Anansi Boys (American Gods #2)

He tried doing it the other way, thinking of a person, and trying to make himself be with them. This tended to be a fairly unreliable method of travel for Spider at the best of times: Spider had trouble with other people. He had trouble remembering their faces or their names, or sometimes even that they really existed at all.

He thought about Fat Charlie; he thought of old girlfriends, but they seemed peculiarly unconvincing, reconfiguring in his head into an assembly of breasts and lips and skin and smiles, and they evaporated in his mind; last of all, he thought of Rosie. He thought of her eyes, her warmth, the curve of her nostrils, the smell of her hair.

(And on a cruise ship, dozing by the pool, Rosie shifted uncomfortably.)

Well, thought Spider, if he could not get out one way, he would get out another. There was more than one way to skin a cat, after all!

He tried changing shape, with no result. He tried shouting. He tried shouting some more.

There was a flapping noise. Two sandhill cranes stood in front of him. They looked at him curiously.
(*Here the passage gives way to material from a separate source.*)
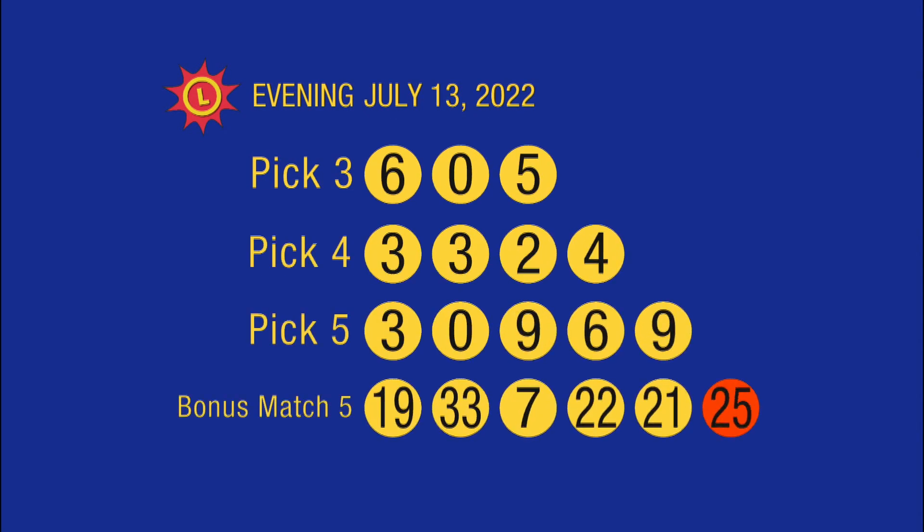Again, here are your numbers: 19, 33, 7, 22, 21, and the bonus ball, 25. Here's a recap of all your winning numbers. Please play responsibly.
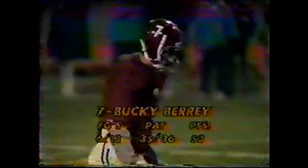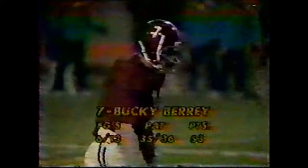Gary Robinson, the leading punter on the UCLA team, fires it away. The longest punt for Gary this year — 47 yards.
It’s not impossible to be Spider, or something like him. All you need is a complete and utter certainty that everything will work out; a cocky assurance that’s just a hair’s breadth away from psychosis; the conviction that you’re a monstrously clever fellow, and that the universe always looks after its own.

“You know,” said Spider to the birds, “I don’t want to cause a problem but these chains are a bit loose. One solid tug and I could fall down.”

The birds might have looked concerned. Spider couldn’t be sure. It’s hard to tell with birds.

“It’s a shocking job,” said Spider. “Whoever made these chains should be properly ashamed of themselves. Frankly, I could get out of them in a couple of minutes, and think of the trouble you’d all be with herself if I simply fell out of them and wandered off. Quite appalling workmanship.”

The cranes looked at each other. One of them strutted back towards the wall. Spider watched it—a jog to the left, then it reached out its beak to the wall, and it touched a feather there, a feather paler than the others. And then it was gone.

“You know,” said Spider to the remaining crane. “Let’s just pretend I didn’t say anything. I’d hate to put you all to any bother.”

A fluttering, and now the space was filled with huge crows who landed on the bone chains, then strutted about like builders examining the work of quite a different firm of builders, one that had left town with the work left incomplete. They cawed and tokked in what Spider was certain was the corvine equivalent of “So what sort of cowboy put this together than?”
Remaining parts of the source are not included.